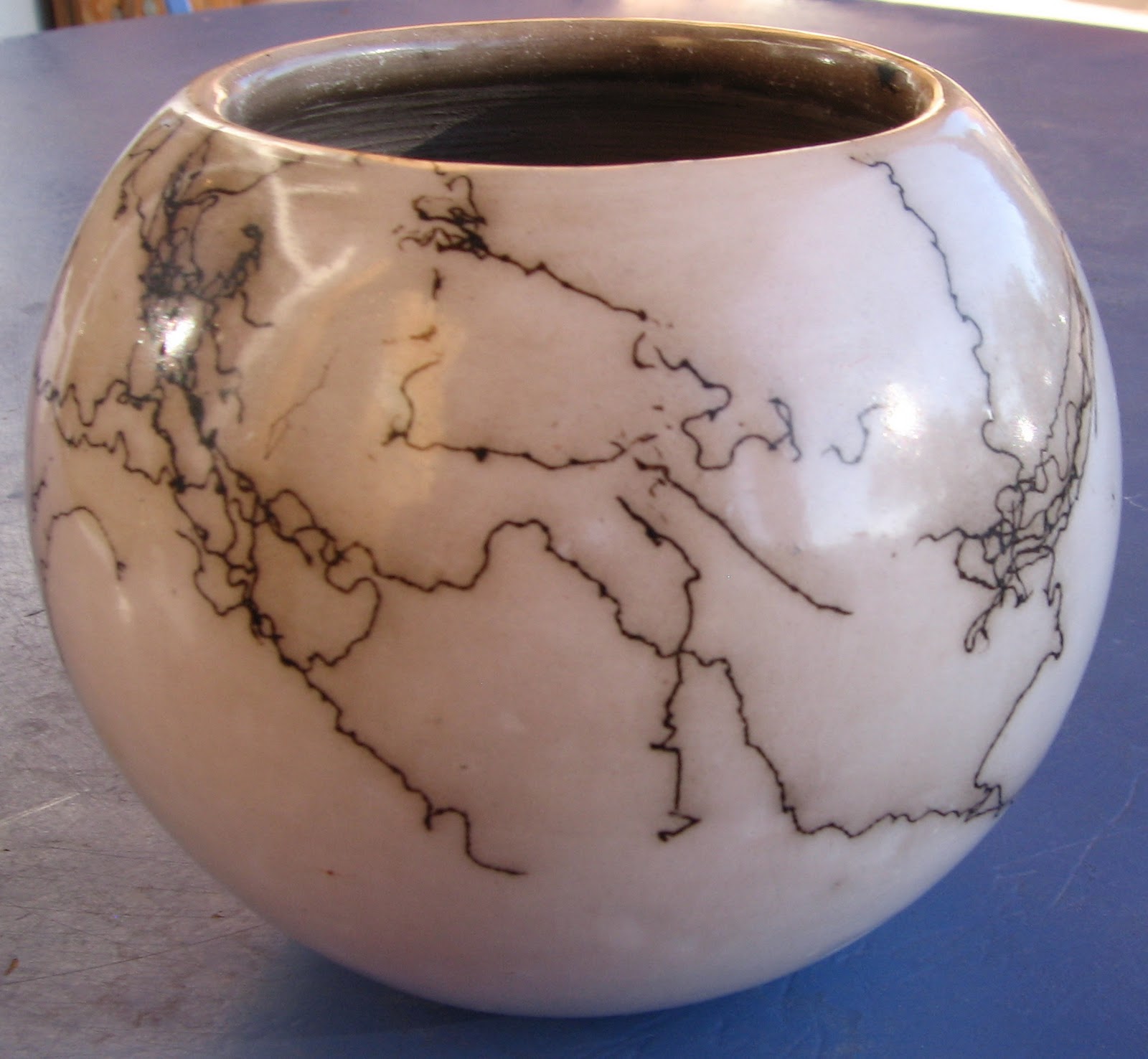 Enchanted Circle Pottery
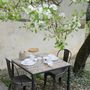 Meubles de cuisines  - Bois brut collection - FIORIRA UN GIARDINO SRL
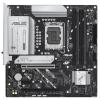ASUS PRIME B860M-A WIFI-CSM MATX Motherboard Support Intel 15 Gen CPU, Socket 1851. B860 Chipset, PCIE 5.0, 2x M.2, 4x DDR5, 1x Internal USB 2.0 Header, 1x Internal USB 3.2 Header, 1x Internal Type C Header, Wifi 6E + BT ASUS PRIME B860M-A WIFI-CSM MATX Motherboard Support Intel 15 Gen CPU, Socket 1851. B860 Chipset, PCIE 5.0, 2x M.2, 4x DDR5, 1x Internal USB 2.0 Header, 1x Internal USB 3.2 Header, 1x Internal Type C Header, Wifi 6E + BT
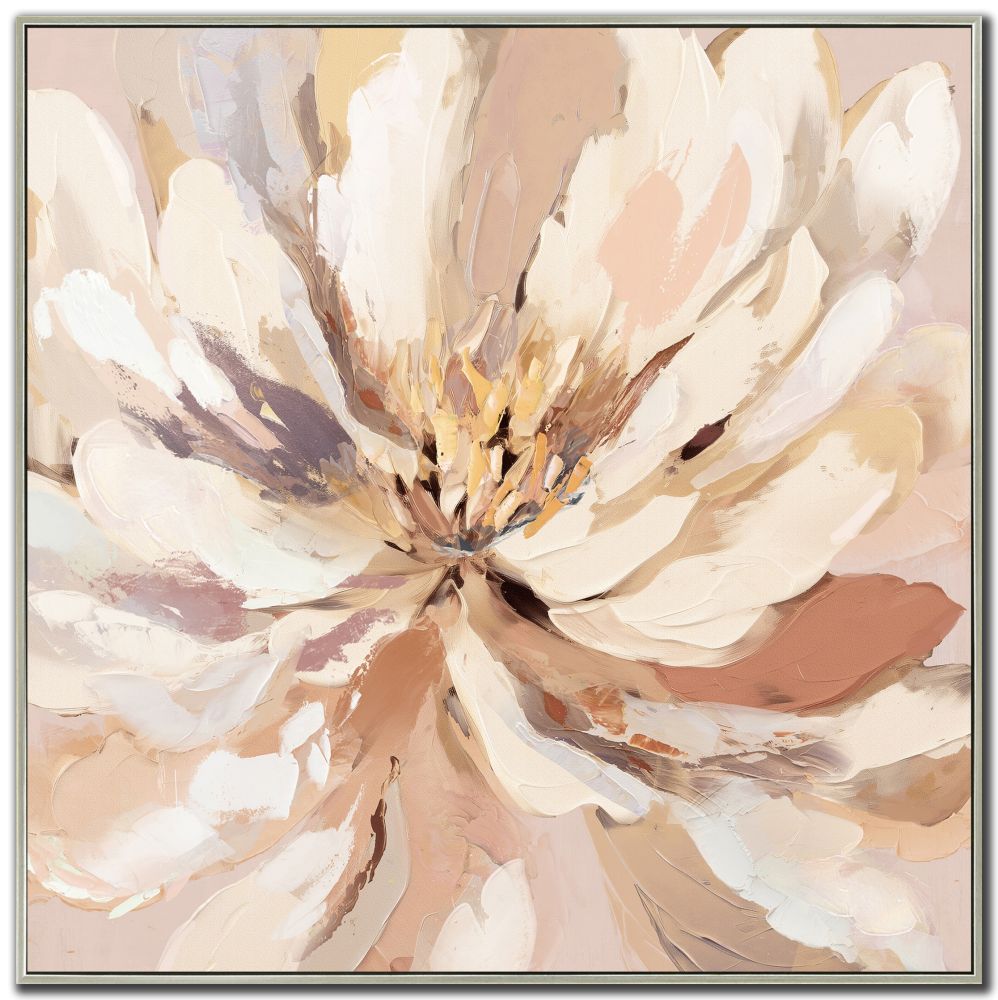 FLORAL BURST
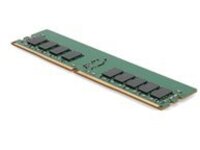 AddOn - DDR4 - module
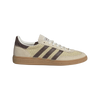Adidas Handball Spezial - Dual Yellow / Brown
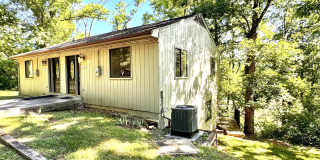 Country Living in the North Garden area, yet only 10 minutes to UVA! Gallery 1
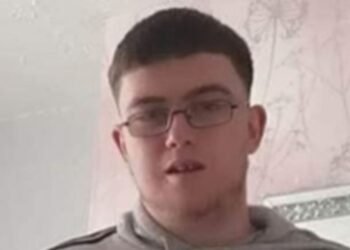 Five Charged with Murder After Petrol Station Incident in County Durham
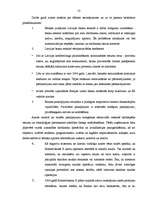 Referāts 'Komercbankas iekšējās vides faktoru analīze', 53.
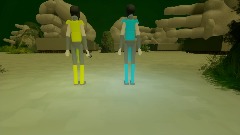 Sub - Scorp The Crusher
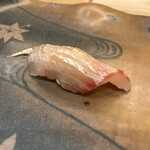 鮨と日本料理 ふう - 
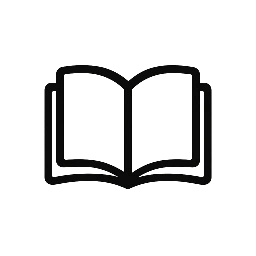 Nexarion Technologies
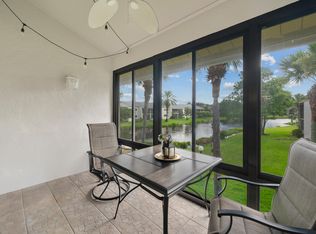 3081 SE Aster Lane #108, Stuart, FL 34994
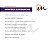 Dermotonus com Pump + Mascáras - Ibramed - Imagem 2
...
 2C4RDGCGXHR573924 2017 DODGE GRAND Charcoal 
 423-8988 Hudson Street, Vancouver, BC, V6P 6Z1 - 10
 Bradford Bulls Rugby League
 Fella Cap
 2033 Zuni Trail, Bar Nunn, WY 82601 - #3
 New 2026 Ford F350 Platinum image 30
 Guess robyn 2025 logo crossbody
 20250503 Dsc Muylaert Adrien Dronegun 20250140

» What is expected
Drop the pictures; return the lines above from the line containing "Meubles de cuisines  - Bois" to the line containing "Dermotonus com Pump", both included, exactly.

» Solution
 Meubles de cuisines  - Bois brut collection - FIORIRA UN GIARDINO SRL
ASUS PRIME B860M-A WIFI-CSM MATX Motherboard Support Intel 15 Gen CPU, Socket 1851. B860 Chipset, PCIE 5.0, 2x M.2, 4x DDR5, 1x Internal USB 2.0 Header, 1x Internal USB 3.2 Header, 1x Internal Type C Header, Wifi 6E + BT ASUS PRIME B860M-A WIFI-CSM MATX Motherboard Support Intel 15 Gen CPU, Socket 1851. B860 Chipset, PCIE 5.0, 2x M.2, 4x DDR5, 1x Internal USB 2.0 Header, 1x Internal USB 3.2 Header, 1x Internal Type C Header, Wifi 6E + BT
 FLORAL BURST
 AddOn - DDR4 - module
Adidas Handball Spezial - Dual Yellow / Brown
 Country Living in the North Garden area, yet only 10 minutes to UVA! Gallery 1
 Five Charged with Murder After Petrol Station Incident in County Durham
 Referāts 'Komercbankas iekšējās vides faktoru analīze', 53.
 Sub - Scorp The Crusher
 鮨と日本料理 ふう - 
 Nexarion Technologies
 3081 SE Aster Lane #108, Stuart, FL 34994
 Dermotonus com Pump + Mascáras - Ibramed - Imagem 2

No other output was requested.